I remember the grownups sitting around the porch slapping mosquitoes and talking about the violent war between the bottling plants (where’s the history of this?) And I remember the air, fragrant with grass clippings, dust, and livestock. I’ve lived in a lot of places, but La Veta has stuck with me all these years—and that’s why I picked up Centennial.
Starting a new Michener book is a good moment. If you’ve read his work, you go into it knowing you’re about to be plunged into LIFE, generations of it, usually a thousand pages plus. Of course Michener isn’t high literature. It’s storytelling, and it’s history—on equal terms. Which isn’t to say it’s badly written. Just don’t go in expecting Proust. (And, let the record show, I’ll take Michener’s endless fiction over Proust’s endless remembrances any day.)
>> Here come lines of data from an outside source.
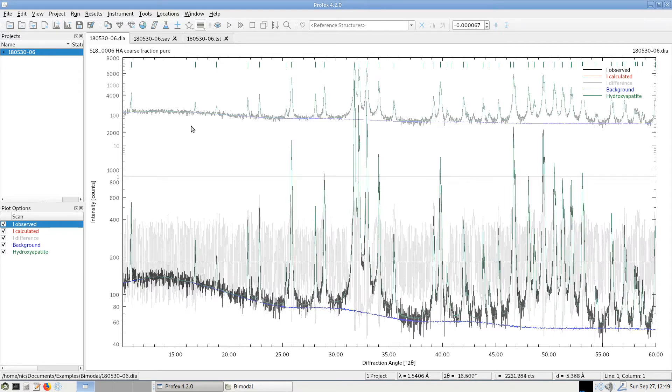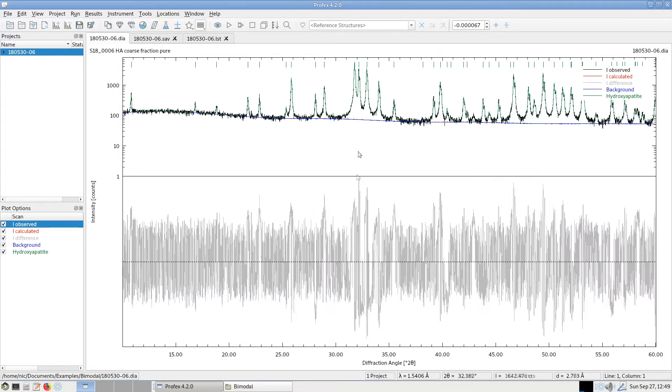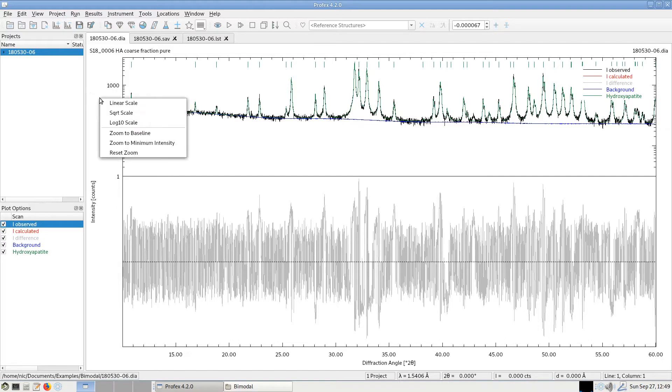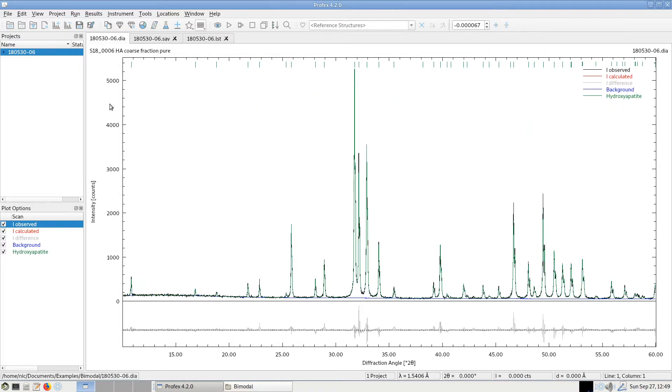If we right click, it will use the full zoom range again. And these quick zoom actions also work in the linear and the square root scale. Using the right mouse button resets the zoom value again.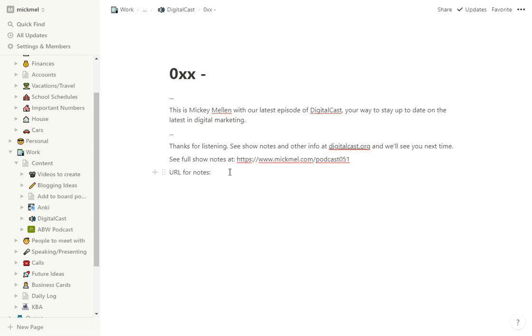And then the URL for our notes. Usually it comes from a source. Google published something or search engine journal did or someone. So I'll quickly add that URL in here. So I have it when I'm building the proper show notes out in WordPress.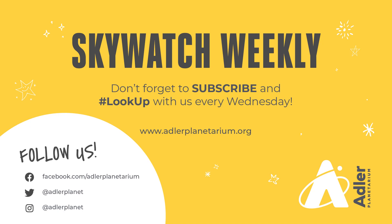So that's what we have for you this week. As always, thank you for watching. Make sure you click on that subscribe button to be up-to-date on all things Adler, and of course follow the Adler on social media as well. Thanks for watching, and we'll see you next week.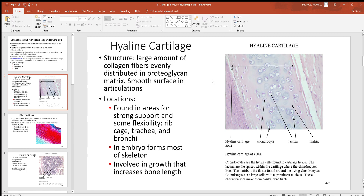Given enough time, hyaline cartilage will slowly wear away, and that's what causes a lot of arthritis. If you look at this histology picture, you can see the little hollow spaces called lacuna with chondrocytes on the inside — they have a big nucleus and look almost like eyes looking right back at you. Good examples of where you find hyaline cartilage: in between your ribs and sternum, along your trachea or windpipe, and over the ends of bones where they come together.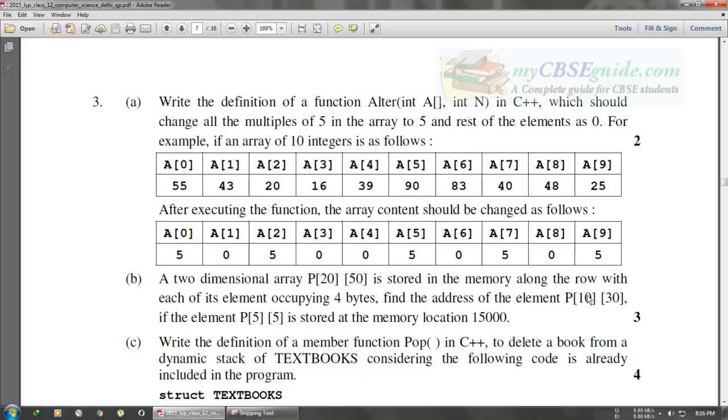Hey guys, welcome to BargTech. In this video I will solve a question based on defining a function. This question is worth two marks and is from the 2015 question paper.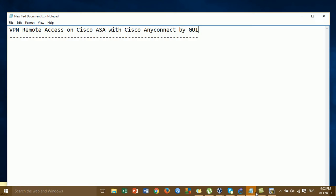Hi everyone, today I'm going to show you about VPN remote access on Cisco ASA with Cisco ASDM. We will configure VPN remote access by the GUI, Graphic User Interface, using Cisco ASDM. Before, I showed only about VPN remote access on Cisco ASA configured by the command line, but today we configure VPN by the GUI.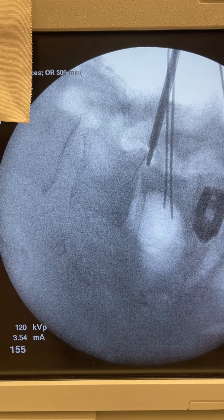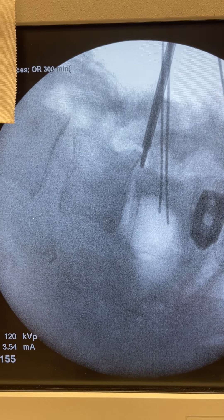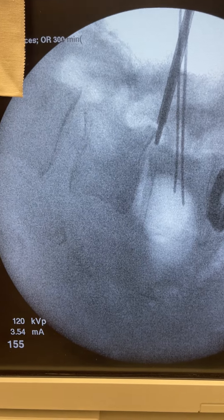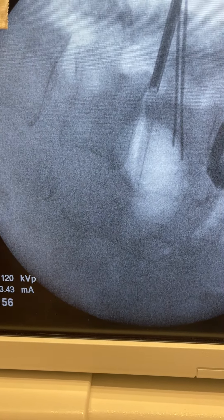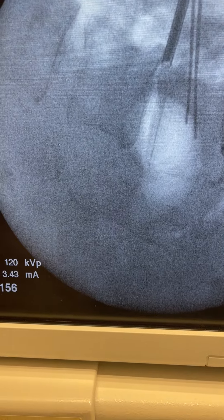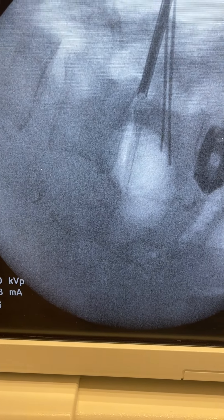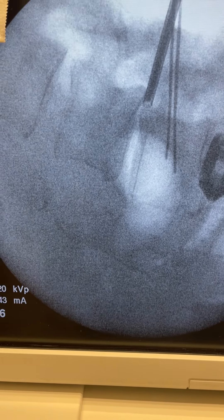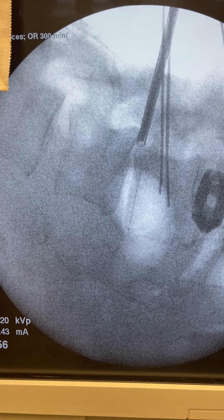You see the disc is extremely collapsed and we have a quite significant spondylolisthesis, and here we have difficulty to get the K-wire in.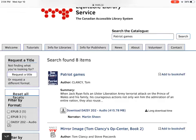Welcome to a tutorial of Dolphin EasyReader, version 2.4 on iOS. This video was created with support from the Government of Canada's Social Development Partnerships Program, Disability Component. The opinions and interpretations in this video are those of the creator, and do not necessarily reflect those of the Government of Canada. It was produced with sighted assistance.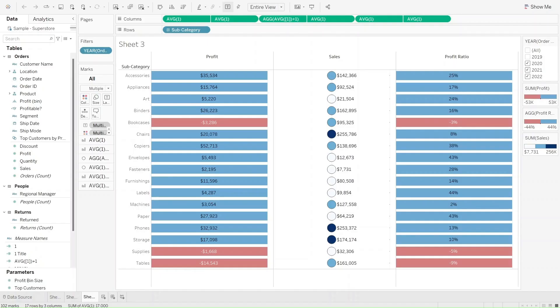For the next couple of minutes, we will need to recreate the following table. This table shows profit, sales, and profit ratio for the following subcategories.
Michener’s good because he gives me what I need. I ask a lot from the books I read. I want solid, natural writing and not a lot of art. I want visual imagery, believable dialog (it has to read like people talk) and an engaging story that tells me something about why we’re here, how we got here, who we are, what we’re doing. Just like Sophocles did with Antigone—illuminating his own nation’s problems by digging into antiquity—I want to be given answers and truth.
Sitting on the bus home I imagine I looked insane getting through the first few pages, laughing out loud—not because it’s funny, and it is, but because Michener set it up so well, and so accessibly considering the very un-pop-literature turn I knew it would take. And you know this if you read enough Michener. You know he’s going to sabotage the narrative with dense, slow-plodding, highly-detailed history. You have to be ready for this, and if you are, it’s as rich and decadent an experience as reading somebody artsy like Nabokov or the Symbolists.
Centennial begins in Georgia. Dr. Lewis Vernor, a professor of history at an unnamed university, gets a call from one of the section editors at US Magazine in New York who—I’m condensing 37 pages here—commissions him to spend a few months in the small town of Centennial to research its history as factual backing for a double-issue article on the place that will embody “nothing less than the soul of America… as seen in a microcosm.”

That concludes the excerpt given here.